Dans quelle case une science historique ouverte à la connaissance scientifique du genre humain dans sa globalité, faut-il placer l’exploit macabre de la cour royale d’Arabie saoudite de couper les doigts d’un journaliste, puis de le dépecer tout vif ? Dans quelle case d’une connaissance vraiment anthropologique et propre à la science historique situer un massacre religieux fondé sur le culte d’Allah, de Jahvé ou du dieu des chrétiens ? Pour cela, il faudrait commencer par rendre réellement scientifique, c’est-à-dire rationnelle, la connaissance des mécanismes psychologiques qui ont conduit aux guerres de religion et aux massacres commandés par une foi proclamée « véritable ».

Mais la science historique moderne ignore tout de l’animal religieux en tant que tel et fier de l’être. En réalité, Adam demeure aussi ignorant que du temps de Jules César. L’homme cet inconnu, le titre de l’ouvrage d’Alexis Carrel, demeure aussi précautionneusement emprisonné dans la timide analyse du médecin dont le champ demeure sagement circonscrit au siège des cabinets médicaux.
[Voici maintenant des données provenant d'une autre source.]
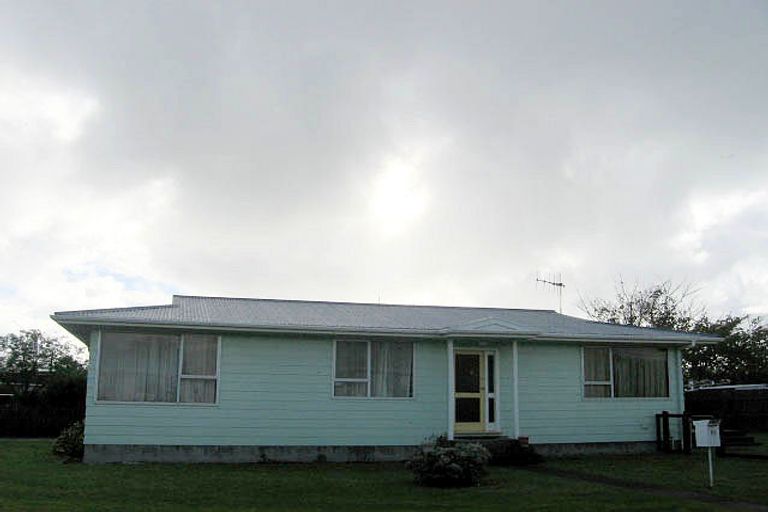 Photo of property in 6a Sharda Grove, Paraparaumu Beach, Paraparaumu, 5032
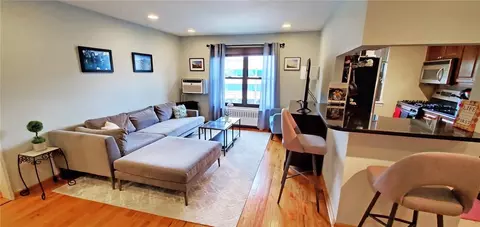 1 E Mill Dr #3B, North Hempstead, NY 11021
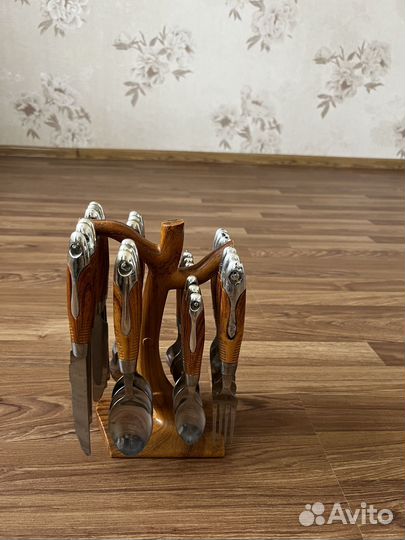 Набор столовых предметов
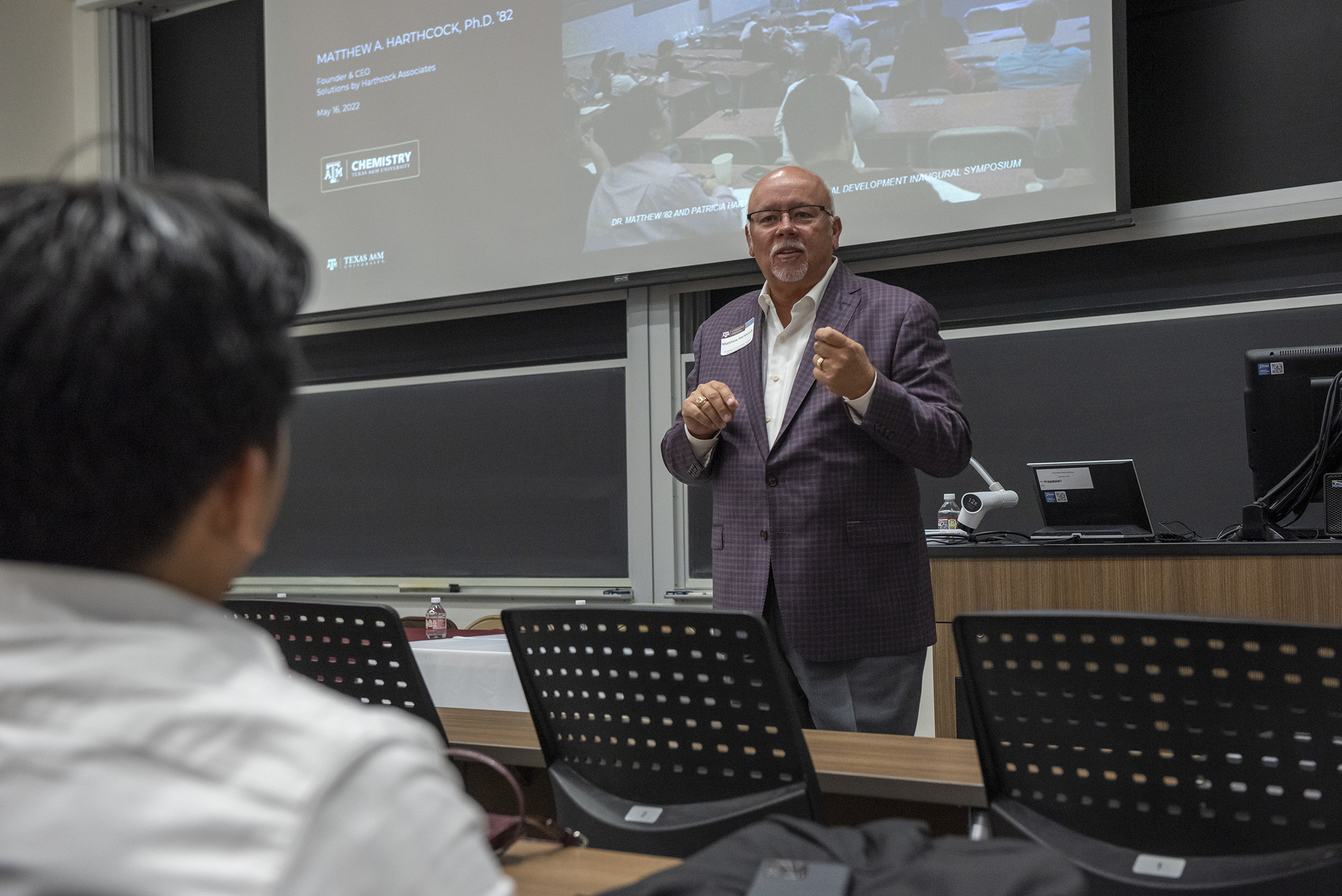 1982 Texas A&amp;M University chemistry graduate Matthew Harthcock presents to a graduate student crowd on the Texas A&amp;M campus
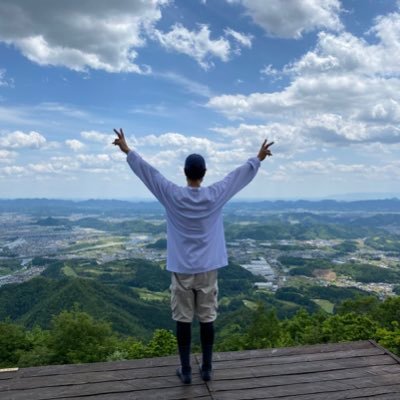 Twitterいつも初心者の気持ちでやってまーす🔰🙇‍♂️バスケ🏀⛹️‍♀️山登り⛰🥾ボチボチやってまーす✌️ お仕事も気合い入れて毎日頑張ってまーす🚚💨💨💨よろしくね💞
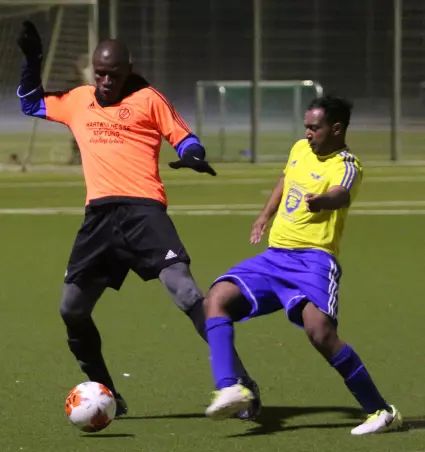 HMTV-Verteidiger Ishmael Brown (links) im Duell mit Ashwin Adolf<br>Fernandes, einer Leihgabe des Eidelstedter Landesliga-Teams.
Mais si le monde occidental devait explorer la notion même de science médicale dans toute son extension et dans son entière spécificité, afin de mettre sur la sellette la notion de barbarie, jusqu’à quel point faudrait-il enrichir les connaissances des Esculape de cabinet ?

La nouveauté se trouve donc dans le fait que l’Arabie des Saoud dispose de forces spéciales et proprement factieuses et qu’il s’agit de factions calquées sur le modèle militaire ensauvagé, officiellement en vigueur depuis les procès de Nuremberg, à la suite desquels les généraux vaincus avaient été jugés et exécutés. C’est ainsi que dans les guerres du Moyen-Orient, les vaincus sont torturés, crucifiés ou pendus. Comment s’étonner de la chute de la police officielle saoudienne dans la barbarie la plus sanglante ?

Autre temps : dans ses Mémoires, le duc de Saint-Simon rapporte que l’armée victorieuse rendait souvent hommage au général vaincu, s’il s’était courageusement défendu.

Je remarque que, de nos jours, la barbarie est partout, à la fois parareligieuse et paramilitaire et qu’elle ne dispose pas encore d’une réflexion théologique proprement dite, qui serait directement inspirée par le Coran, les Evangiles ou la Thora. Or, depuis la nuit des temps, c’est dans les guerres à dominante religieuse que les massacres sont les plus sauvages.